### WORK INSTRUCTIONS:
Repeat each record exactly. Any picture gets left out.

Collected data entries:
================

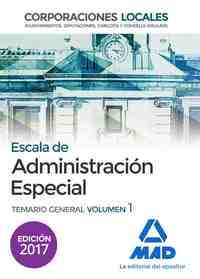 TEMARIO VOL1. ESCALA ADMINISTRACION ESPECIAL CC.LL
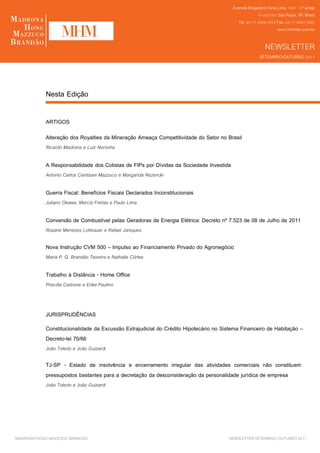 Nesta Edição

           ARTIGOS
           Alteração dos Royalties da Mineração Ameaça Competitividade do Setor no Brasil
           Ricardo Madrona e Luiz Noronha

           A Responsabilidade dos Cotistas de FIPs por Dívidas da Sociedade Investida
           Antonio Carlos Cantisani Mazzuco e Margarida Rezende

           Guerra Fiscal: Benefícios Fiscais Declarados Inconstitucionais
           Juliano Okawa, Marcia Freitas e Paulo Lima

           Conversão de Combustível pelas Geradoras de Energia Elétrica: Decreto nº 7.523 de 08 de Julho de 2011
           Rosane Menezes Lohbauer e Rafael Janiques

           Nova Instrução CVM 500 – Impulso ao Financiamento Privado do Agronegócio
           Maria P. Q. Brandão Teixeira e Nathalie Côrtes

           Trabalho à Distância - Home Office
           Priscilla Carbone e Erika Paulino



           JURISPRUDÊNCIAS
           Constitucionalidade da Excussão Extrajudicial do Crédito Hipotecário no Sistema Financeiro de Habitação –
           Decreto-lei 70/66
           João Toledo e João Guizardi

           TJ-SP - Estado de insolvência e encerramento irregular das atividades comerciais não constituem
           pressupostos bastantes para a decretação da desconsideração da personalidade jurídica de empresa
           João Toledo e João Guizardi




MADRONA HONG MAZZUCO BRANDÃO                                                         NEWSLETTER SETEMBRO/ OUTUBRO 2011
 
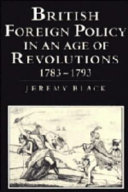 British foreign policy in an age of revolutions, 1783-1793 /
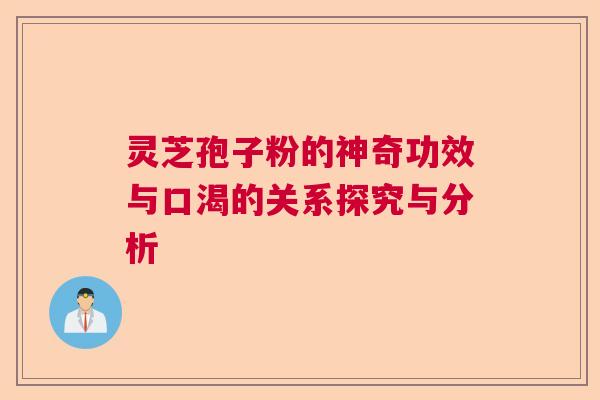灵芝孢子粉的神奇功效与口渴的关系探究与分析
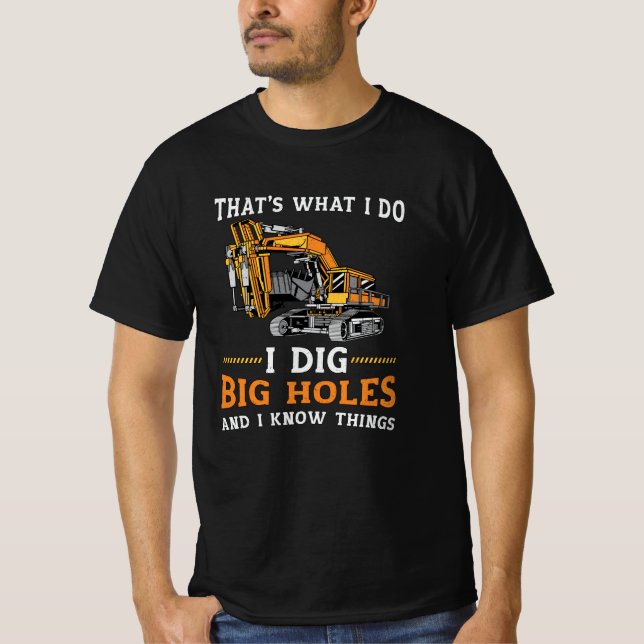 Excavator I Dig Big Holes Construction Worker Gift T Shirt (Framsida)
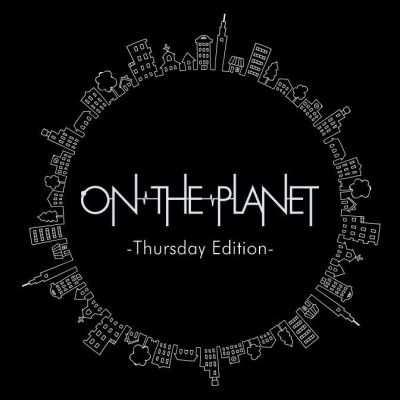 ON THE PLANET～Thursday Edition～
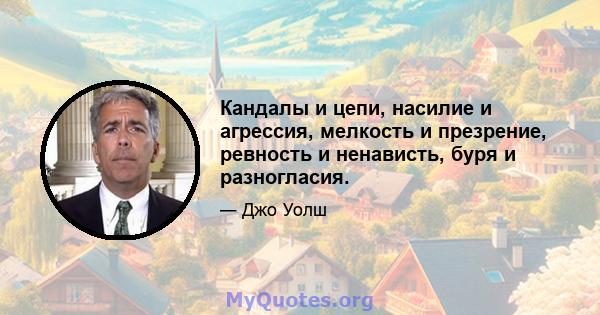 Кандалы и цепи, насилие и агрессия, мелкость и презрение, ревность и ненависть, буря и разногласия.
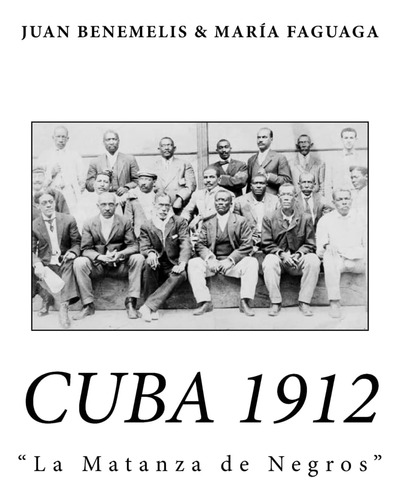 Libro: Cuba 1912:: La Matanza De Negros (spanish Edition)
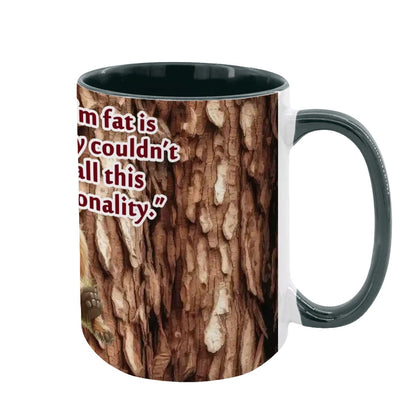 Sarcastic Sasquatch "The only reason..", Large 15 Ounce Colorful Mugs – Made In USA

================

### RESPONSE TO THE TASK:
 TEMARIO VOL1. ESCALA ADMINISTRACION ESPECIAL CC.LL
 Nesta Edição

           ARTIGOS
           Alteração dos Royalties da Mineração Ameaça Competitividade do Setor no Brasil
           Ricardo Madrona e Luiz Noronha

           A Responsabilidade dos Cotistas de FIPs por Dívidas da Sociedade Investida
           Antonio Carlos Cantisani Mazzuco e Margarida Rezende

           Guerra Fiscal: Benefícios Fiscais Declarados Inconstitucionais
           Juliano Okawa, Marcia Freitas e Paulo Lima

           Conversão de Combustível pelas Geradoras de Energia Elétrica: Decreto nº 7.523 de 08 de Julho de 2011
           Rosane Menezes Lohbauer e Rafael Janiques

           Nova Instrução CVM 500 – Impulso ao Financiamento Privado do Agronegócio
           Maria P. Q. Brandão Teixeira e Nathalie Côrtes

           Trabalho à Distância - Home Office
           Priscilla Carbone e Erika Paulino



           JURISPRUDÊNCIAS
           Constitucionalidade da Excussão Extrajudicial do Crédito Hipotecário no Sistema Financeiro de Habitação –
           Decreto-lei 70/66
           João Toledo e João Guizardi

           TJ-SP - Estado de insolvência e encerramento irregular das atividades comerciais não constituem
           pressupostos bastantes para a decretação da desconsideração da personalidade jurídica de empresa
           João Toledo e João Guizardi




MADRONA HONG MAZZUCO BRANDÃO                                                         NEWSLETTER SETEMBRO/ OUTUBRO 2011
 
 British foreign policy in an age of revolutions, 1783-1793 /
灵芝孢子粉的神奇功效与口渴的关系探究与分析
 Excavator I Dig Big Holes Construction Worker Gift T Shirt (Framsida)
 ON THE PLANET～Thursday Edition～
 Кандалы и цепи, насилие и агрессия, мелкость и презрение, ревность и ненависть, буря и разногласия.
 Libro: Cuba 1912:: La Matanza De Negros (spanish Edition)
 Sarcastic Sasquatch "The only reason..", Large 15 Ounce Colorful Mugs – Made In USA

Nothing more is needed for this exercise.